Client: RVO-Partners for Water/NL and CWRPI (Wuhan, China)

Partners: ISRIC (project leader), FutureWater and Nelen & Schuurmans

Period: 2012-2013

Objective: to demonstrate the strength of the Dutch consortium partners in solving serious water problems, in collaboration with the Chinese counterparts, by enhancing green water management by farmers to increase upstream and downstream water productivity. The derived objectives are:

  • Demonstrate the GWM&C Toolkit for a pilot region to convince Chinese partners on investments in further up-scaling;
  • Train the Chinese partners in implementing and promoting the GWM&C Toolkit;
  • Expand the GWM&C activities of the Dutch Consortium from Kenya, Morocco, Algeria currently, to China.

Summary

Green Water Management & Credits is a concept that allows quantification of water supply and demand, erosion reduction, yield increase, sedimentation amounts, and hydropower production. These are needed to calculate the economic costs and benefits of environmental protection measures. In order to run this concept in areas, an analytical toolkit in combination with adequate database resources and knowhow is necessary. The project aims at future business cases for the partners involved, using the GWM&C concept and toolkit. We are working closely with local/regional partners in China: CWRC, CWRPI, Huazhong Agricultural University, and North West Agricultural & Forest University.
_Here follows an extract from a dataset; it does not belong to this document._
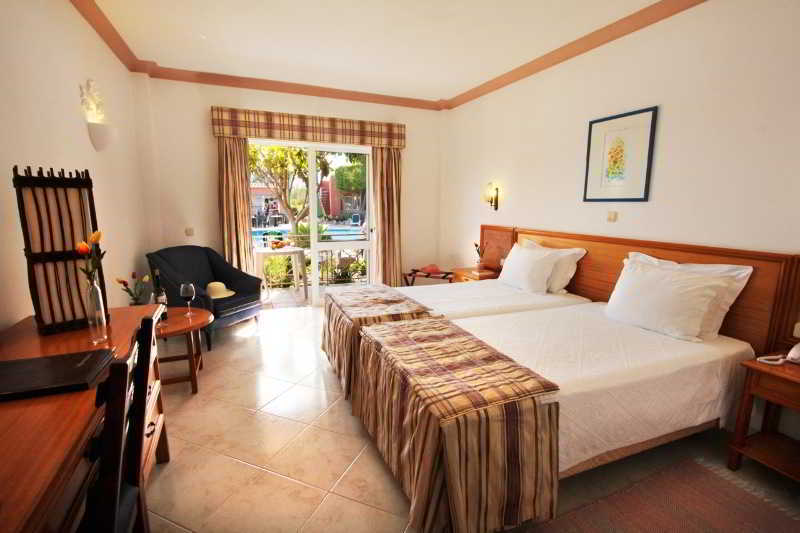 Hotel Belavista Da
Green Water (www.greenwatercredits.net)

In June 2012, our consortium of ISRIC, FutureWater, and Nelen en Schuurmans started the project, financed by RVO-Partners for Water/NL. In September 2012, the official kickoff took place in Wuhan/Hubei Province. Leaders of the Yangtze River Commission and the CWRPI attended the ceremony. Also, the training of local staff and students started. We focused on the GWM&C concept, the WOCAT-SOTER databases, and our hydrological assessment tools. We selected the 12,000km2 Duhe basin to be our study area, as an important contributory source of water, located south-west from the Danjiangkou Reservoir. Together with our Chinese partners, the data needs were determined to build, calibrate, and validate our models. Our local partners successfully collected data for the project, which we combined with global data sets available.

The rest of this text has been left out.